Glass Wall Versus Drywall

Glass walls have some advantages over their drywall counterparts.


Drywall is one of the most commonly chosen building materials for walls in homes and buildings. Composed of pressed gypsum powder between two very thin paperboard sheets, drywall is heavy and cumbersome to work with. While glass is less common, it provides several advantages that drywall cannot, as well as some clear disadvantages. In the final analysis, glass walls are better for some locations while drywall is better for others.


Economy


Glass may provide a contemporary aesthetic, but the look will cost more money than a wall finished with drywall. While drywall is readily available in large quantities at local hardware stores, glass walls are highly specialized, requiring cut-to-fit glass suspended on an infrastructure of metal braces. The materials, as well as the process used in glass wall manufacture are far more expensive than the paper and compressed gypsum that make up drywall. This expense is passed on to the customer.


Installation


Because drywall is compressed powder, it does not have a cohesive molecular structure and can handle a nail or drywall screw pushing through from one end to the other.
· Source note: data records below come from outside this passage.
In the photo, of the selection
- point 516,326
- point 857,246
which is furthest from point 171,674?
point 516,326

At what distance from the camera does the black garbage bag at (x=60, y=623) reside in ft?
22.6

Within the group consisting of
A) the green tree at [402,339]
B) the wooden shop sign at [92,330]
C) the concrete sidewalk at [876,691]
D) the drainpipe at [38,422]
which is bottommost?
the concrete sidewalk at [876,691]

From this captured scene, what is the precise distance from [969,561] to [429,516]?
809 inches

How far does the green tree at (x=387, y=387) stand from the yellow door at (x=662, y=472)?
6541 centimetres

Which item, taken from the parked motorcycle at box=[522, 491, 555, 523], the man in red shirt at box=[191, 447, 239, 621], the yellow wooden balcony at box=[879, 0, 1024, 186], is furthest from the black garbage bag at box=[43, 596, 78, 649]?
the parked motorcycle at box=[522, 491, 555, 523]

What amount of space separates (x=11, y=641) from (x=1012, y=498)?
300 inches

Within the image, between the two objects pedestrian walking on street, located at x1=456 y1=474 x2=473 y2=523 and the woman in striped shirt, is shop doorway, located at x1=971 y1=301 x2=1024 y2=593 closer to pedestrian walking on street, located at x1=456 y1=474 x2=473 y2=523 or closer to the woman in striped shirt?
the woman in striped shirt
Because of this, drywall is capable of hanging from the frame of a wall by utilizing a few drywall screws. Glass, on the other hand, has a cohesive molecular structure and breaks upon impact. This means glass needs a surrounding frame that holds it in place while keeping it relatively whole. Installing a framework that holds glass in place is more expensive than nailing drywall to a home's framing members.


Strength


Although glass may appear more fragile than the solid looking drywall, plexiglass and other formulated glass used in construction is far stronger and more capable of handling an impact than drywall. Drywall's non-cohesive structure means it breaks easily when subjected to localized pressure. Glass, conversely, often makes up the walls and even the floors of high quality elevators.


Lighting


Frosted glass walls grant the homeowner privacy, which clear glass does not. Still, even frosted glass lets light escape from inside the room. This is bothersome to neighboring rooms, especially when the person in the other room is trying to sleep or watch a movie. Drywall keeps all light in the room and affords the homeowner a higher degree of privacy.


Repair


While a wall glass is strong, everything can break and when it does, it requires repair. When glass breaks, it is not repairable, but requires complete replacement. This is an expensive replacement since the new glass panel needs cutting and, in some cases, shaping. Conversely, a hole in drywall is repairable by cutting a square around the hole and patching it with a fresh square of drywall along with some joint compound.